Leaders around the world are demonizing intellectual elites in service of authoritarian populism. Academics in Turkey who have asserted academic freedom have been arrested, tried, and convicted of subverting the state and supporting terrorism. In Hungary, a concerted attack on a western-oriented University continues. Similar stories are playing out around the world, including in the United States, where academics are often under siege from both the extreme right, and the extreme left.
This environment leads to challenging questions for political psychologists, not just about the academic freedom we cherish, but about underlying issues relating to nationalism and identity, the appeal of authoritarianism in unsettled times, and the very nature of what populism is and how it has been used. Exclusionary attitudes toward the “other” seem to represent a clear repudiation of liberal democracy and pluralism; understanding the wellsprings and consequences of these attitudes seems paramount.
At the same time, while the populist backlash seems to be on the rise, many groups and individuals are challenging oppression, and speaking out. In the United States and beyond, #BlackLivesMatter and #MeToo have been prominent examples, among many others, demonstrating the power of collective voice and of social media. In January 2017, an estimated 7 million people participated in the Women’s March, with more than 650 marches worldwide. And there have been coordinated efforts at both elite and mass levels to stymy the election of more populist leaders in efforts to resist the wave.
The effects of social media and worldwide communications, then, may work both ways: allowing authoritarians to find their audience, but supporting collective action in resistance. Political psychologists can and must speak to these critical issues at this important moment in history, as well as join forces in pursuit of political and academic freedom. We are particularly interested in papers on collective resistance, individual factors that predict protest, social identity, and group consciousness as mobilizing forces, within these contexts. We seek to recognize and understand both the academic and social realities of our times.
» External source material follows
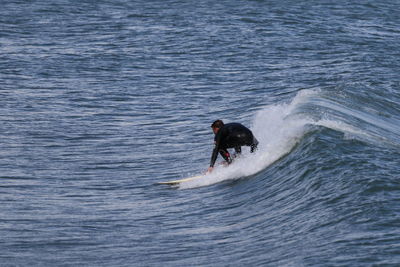 Full length of man in sea surfing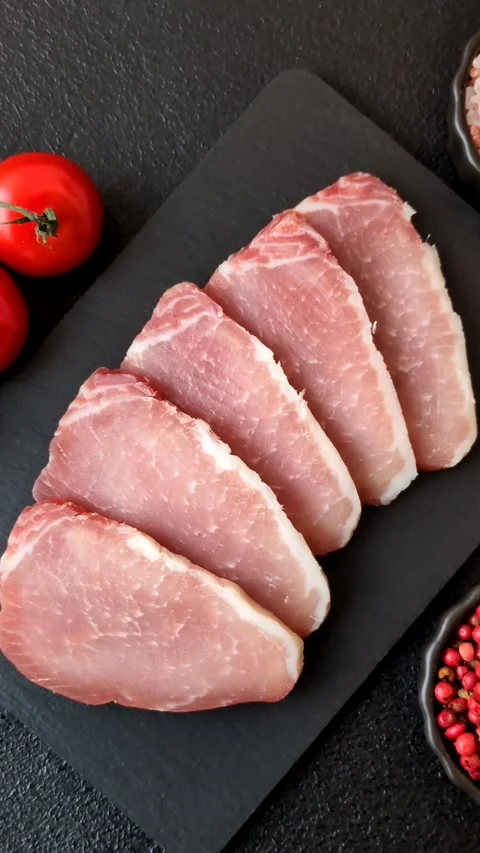 Smoked or dry cured meat slices, pork or ham with salt and spices. Smoked meat s Stock Footage 333073306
We invite you to participate in the 2019 ISPP Annual Scientific Meeting in Lisbon, Portugal. The ISPP Annual Meeting brings together scholars across disciplines and epistemologies
using a wide range of theoretical and methodological approaches. The conference goal is to engage with new research from psychology, political science, sociology, economics, anthropology, biology, geography, communication, history, philosophy, and other disciplines. Proposals for traditional panel papers are welcome, as are proposals for symposia, roundtables, blitz presentations and posters on any topic in political psychology, in addition to the theme described above
We wish to bring about an inclusive and enriching intellectual exchange between political psychologists from different backgrounds in order to reach a better understanding of the dynamics of society and politics in the world today, to outline possible societal change, and to discuss how political psychologists can contribute to such change.